Extracts from Christendom and Islam: Their Contacts and Cultures Down the Centuries by W. Wilson Cash, an old book that I am editing for reprinting in my free time... this has become another fun project for learning. Wilson speaks particularly to the need for indigenous and faithful Christ-following for every community. As the book's title implies, he also speaks to the nature of earlier Islam in relation to Christianity.
In the expansion of Christianity in that period there seems to have been no idea of making the Church indigenous. On the other hand, everything seems to have been done to emphasize its Greek character. Harnack says, “There are no pre-Mohammed translations of the Bible into Arabic, and that is strong proof that Christianity has not found any footing at all among the Arabs in early times.” Bell, too, tells us in The Origin of Islam in its Christian Environment (page 17) that “the language of Christianity in the East was Aramaic or Syriac and there is no evidence of a Christian Church using Arabic in its services.” [...]
It is significant that Mohammed supplied for the Arabs just those elements which, if they had been provided by Christianity at an earlier date, would have made the Church a national, indigenous body with its own Arab expression. He gave them a book in their own tongue, and composed in a style that was beloved by all Arabs. They were illiterate, but they would listen for hours together to recitals of stories mainly taken from the Bible, stories spoken not in dull prose but in a rhythm that has a peculiar charm for all who know the language. He presented religion to them as a great adventure, and he centered their faith in the simple dogma of the unity of God. He attracted his followers to himself and made Islam a matter of personal loyalty and allegiance. Every Arab who became a Mohammedan felt that the Prophet belonged to him. He was a son of the desert. He lived their life and understood their point of view. While they had refused to give up their idols and their pagan customs for the Christian appeal, they readily accepted Islam. To them one faith was foreign and the symbol of a foreign power, the other was indigenous and offered security and independence.

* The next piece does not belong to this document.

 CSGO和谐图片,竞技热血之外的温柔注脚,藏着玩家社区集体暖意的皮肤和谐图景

“Had Christianity produced a deep impression upon Arabia it would no doubt have burst through the conventions which confined poetry to the subject and temper of the old desert life, or at least have produced a religious literature of its own. But it was left to Islam to bring that impulse, if indeed Islam did convey it to the Arabs of the desert.” (Bell, p, 50.)

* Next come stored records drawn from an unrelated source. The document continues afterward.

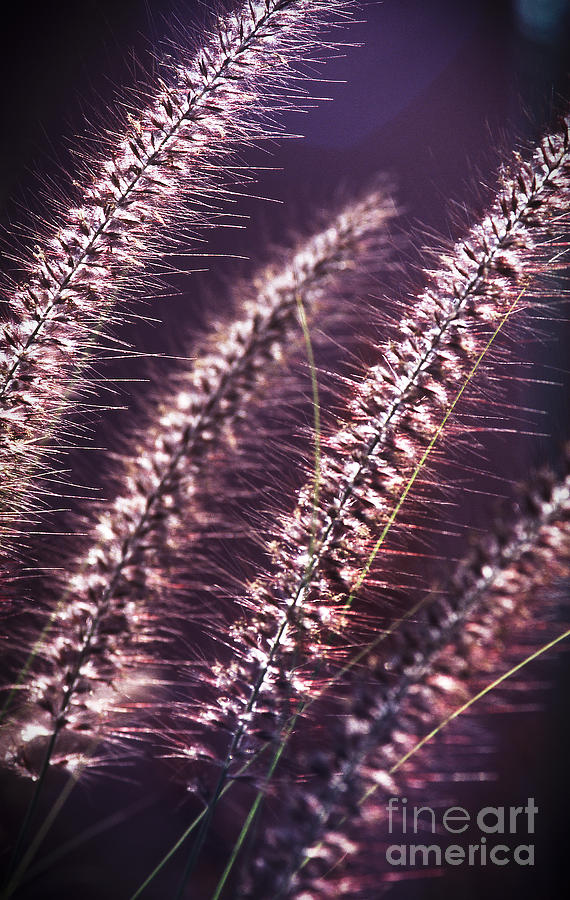 Grasses Photograph by Heiko Koehrer-Wagner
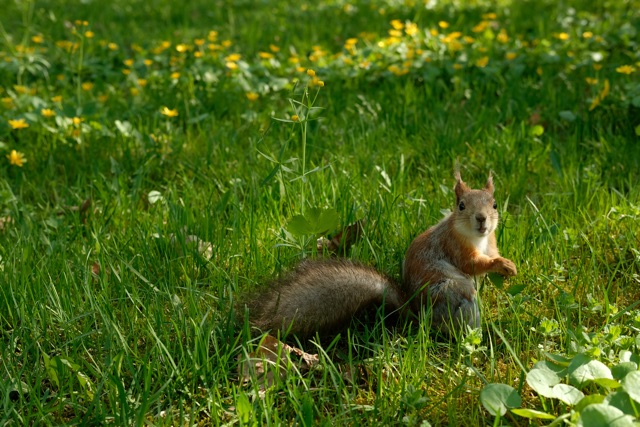 Busting_Common_Squirrel_Myths_Separating_Fact_from_Fiction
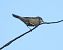 Curruca cabecinegra (Curruca melanocephala) © Joan Pessarrodona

It is doubtful indeed whether the Scriptures were ever translated into any of the North African vernaculars.
When Constantine the Great gave his patronage to Christianity and made the Christian faith a factor in State policy, he was laying the foundations for the collapse of Christianity four centuries later through an invading Moslem army.
[Early] Islam to many was a lay movement and appeared very much like a simplified and reformed Christianity.